● Work item:
Nothing but the lines below from the one holding "Erstklassiges üppiges Badebombe-Geschenk" up to and including the one holding "美因茨老将阿米里点射破门后指天悼念恩师" should be copied, exactly and without pictures.

● Materials provided:
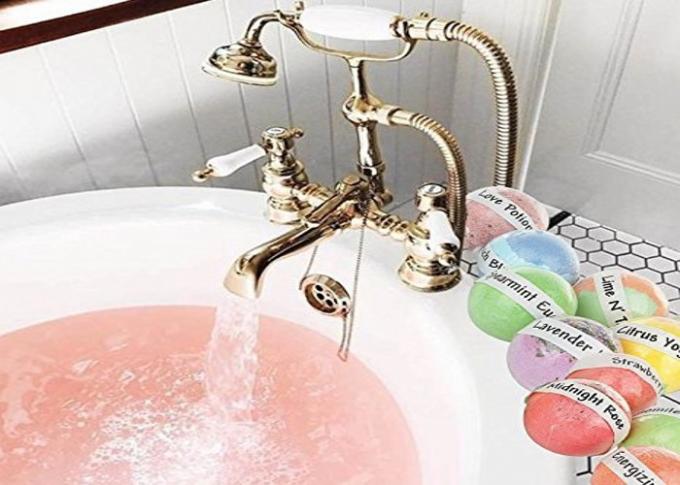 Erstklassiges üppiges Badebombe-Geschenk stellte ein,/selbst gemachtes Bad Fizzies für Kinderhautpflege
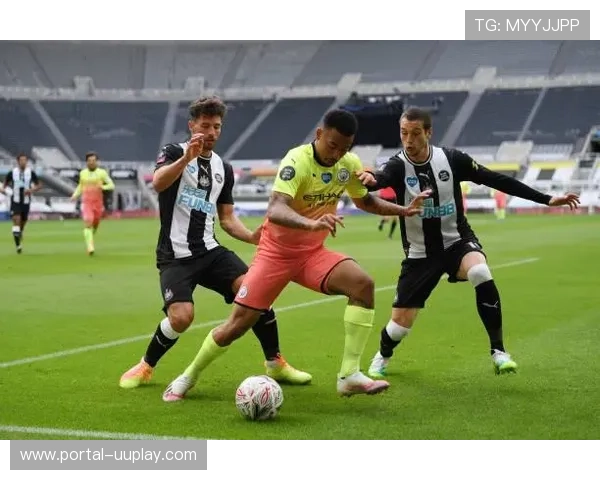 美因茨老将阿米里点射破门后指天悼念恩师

---

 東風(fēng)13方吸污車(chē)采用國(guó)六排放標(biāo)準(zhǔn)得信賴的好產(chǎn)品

...

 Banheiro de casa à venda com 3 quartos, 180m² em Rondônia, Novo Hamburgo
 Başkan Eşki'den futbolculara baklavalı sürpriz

● Solution to the exercise:
 Erstklassiges üppiges Badebombe-Geschenk stellte ein,/selbst gemachtes Bad Fizzies für Kinderhautpflege
 美因茨老将阿米里点射破门后指天悼念恩师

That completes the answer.